Я читал отрывок, позабыв обо всем. А когда дочитал, решил выучить немецкий, накопить денег, купить книгу и перевести ее целиком. Пусть даже мне понадобится для этого пять лет.
Ночью я не мог заснуть и заглянул к деду на балкон.
– Эй, – позвал я.
Дед приподнялся на своем матрасе.
– Заходи, я не сплю.
Я шагнул на прохладный пол балкона и забрался к деду под одеяло. Он накрыл меня, как накрывал в детстве. С неба на нас смотрела убывающая луна – одна ее щека похудела. А может, луна ее втянула, потому что у нее болел зуб.
– Ну и что ты обо всем этом думаешь? – спросил дед.

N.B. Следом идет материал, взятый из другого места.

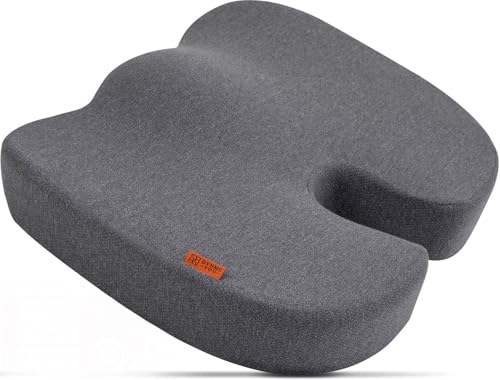 Ergonomisches Sitzkissen Bürostuhl – Sitzring Steißbein Entlastung – Von Experten Entwickelt – Steißbeinkissen für Rücken & Gesäß – Ergonomisch Gerundet – Rutschfest – Waschbar – 45x32x10 cm – Grau von DYNMC you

Я помедлил, а потом рассказал, как мы сидели у Шевцова и он на вопрос Тохи, уволят ли его, ответил «Пока нет». Мне не давало покоя вот что: если Шевцов так сказал, значит, думает, что его могут уволить потом. И Репу тоже – я помнил слова Репы: «Меня все равно уволят рано или поздно, я неподходящий человек». Но если их больше не будет в яхт-клубе, какой же смысл тогда в нашей парусной секции? Я не желал видеть на месте Шевцова и Репы никого другого. Тем более кого-нибудь, похожего на Михаила Петровича или на того злющего тренера Антона, который был у нас в самом начале. И я был уверен, что Тоха, Митрофан и Тимур тоже не променяют Шевцова и Репу ни на кого на свете.
Я спросил у деда, что же нам делать, если их уволят.
– Что делать, – повторил дед. – Пытаться бороться за них. Вы ведь уже попробовали вчера поставить этого Михаила Петровича на место, верно?
Я кивнул. Поставить на место на какое-то время – может быть. Но Михаил Петрович не перестал от этого быть начальником над всеми спортсменами нашей области. Дед понял, о чем я думаю.
– Такие, как Михаил Петрович, тебе еще не раз встретятся, – сказал он. – В школе, в институте, в профессии, которую ты выберешь, – они везде. Они будут говорить тебе, что хотят только хорошего, что лучше тебя знают, как надо поступать, что таковы законы жизни, и прочую… ерунду.
Дед сел, сбросив с себя одеяло, и обхватил руками колени. Он смотрел на луну.
– Я говорю тебе сейчас: борись с несправедливостью и обманом, но часто так, что эта борьба оказывается не на день, а на пятьдесят лет. Или сто. И те, кто были смелыми, не доживают до справедливости.
Когда он волновался, он начинал говорить по-русски немного неправильно, словно перепрыгивая через какие-то слова, но я его понимал.
– Просто помни, что ты человек, и не бойся, – дед посмотрел на меня. Я поднялся и сел с ним рядом, завернувшись в одеяло. – Тебе очень повезло – у тебя есть друзья. Любовь. У тебя есть то, что для тебя важно. Береги это и не отдавай жестоким, жадным, неблагородным. Сопротивляйся. Будь веселым. Смелым. Открывай рот и говори.
Он улыбнулся и толкнул меня локтем. Луна уходила, опускаясь в море городских крыш, и на полотне неба проступали звезды. Я привалился к плечу деда и закрыл глаза.
3 дня после чемпионата
Буква «п»
Я проснулся рано утром от того, что на кухне звучал чей-то чужой голос. Я слышал, как мама что-то ему ответила. И снова чужой голос. Кто это может быть так рано? Я сел в кровати – а вдруг врач? Вдруг деду ночью стало плохо? Я вскочил, подбежал к балкону – на балконе лежал дедов матрас, самого деда не было.
Как был, в трусах и босиком, я выбежал из комнаты, прошлепал по коридору и на пороге кухни врезался в деда – тот стоял спиной ко мне.